The orchestral concerts presented two very different kinds of concerts and music, both equally excellent. As good as the first concert was, the Adams is such a musically and emotionally overwhelming work that it made the rest seem tame. This is a magnificent piece that feels very much about death and resurrection — of the individual and the universe — capturing the power of both.

The concert opened with the 1917 Ravel Frontispice (arranged for orchestra by Pierre Boulez in 2007) which is only two minutes long. When it was finished, I wished they’d play it again, and following comments by festival resident conductor John Kennedy, the orchestra did just that. I’ve heard only a handful of the orchestra concerts over the years (the mid-week placement always made it tough), but I won’t be neglecting them again.

The orchestra members (most are recent graduates of top conservatories, and no, they aren’t from around here) are usually seen in a big group or not at all because they’re in the pit during an opera.
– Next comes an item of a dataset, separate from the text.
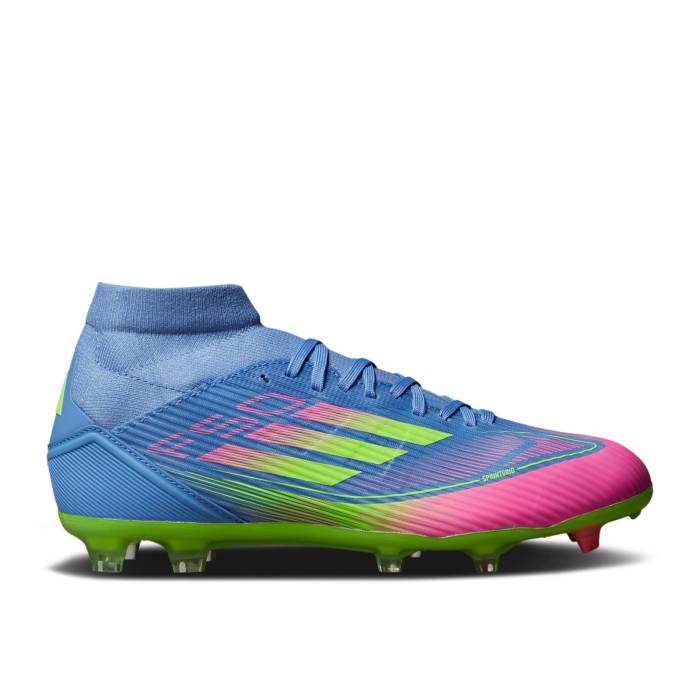 アディダス Adidas 【 Wmns Adizero F50 League Mid Fg Mg \u0027Celestial Victory Pack\u0027 Women Blue Fusion/Lucid Lemon/Lucid Pink 】 アディゼロ ミッド Victory 白星 レディース 青み 青色 Fusion 核融合反応 pink サクラ色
The second Intermezzo concert put them in the spotlight as soloists, duos, or small groups playing music ranging from a Bach cello suite to important 20th century works and a traditional Afghan tune.

Violinist Haerim Elizabeth Lee and pianist Bénédicte Jourdois blew the audience away with Olivier Messiaen’s Theme and Variation and viola player Allyson Goodman wasn’t far behind them with Gyorgy Kurtág’s Signs, Games, and Messages.

The Music in Time series started with a concert celebrating the 100th anniversary of Stravinsky’s Rite of Spring, the riot-provoking work. Kennedy put together a seamless, perfectly performed compilation by those exploring similar musical themes including Debussy, Edgar Varese, and Steve Reich tied together with snatches from Rite.

The small Simons Center Recital Hall was packed, which is now standard for the contemporary music events that once attracted just a handful of weirdos (like me). This concert should have been in a bigger hall and given a bigger promotional push by the festival — it was a once-in-a-century event.

The Music in Time concert featuring composer/performer Nathan Davis was one that pushed even my limits. The opener, Bells, asked audience members to keep their cells phones on and make a call during the performance, but the phone sounds got lost. In Crawlspace, Davis used a telephone tap microphone to pick up the rather random sounds of a MacBook’s churning innards — you may not want to know what your computer is doing when you’re not listening this closely. On Speaking One Hundred Names was a tour de force for solo bassoon with processing to explore what the instrument can do and how one thing can be many different things and thus have many names. In Weather Rocks, violin, cello, and unusual percussion captured and redefined weather patterns. Davis explores the technology that ties us to one another by bouncing our words, thoughts, and sounds off satellites and back down to earth. It doesn’t always work, but he’s at the frontier of new music.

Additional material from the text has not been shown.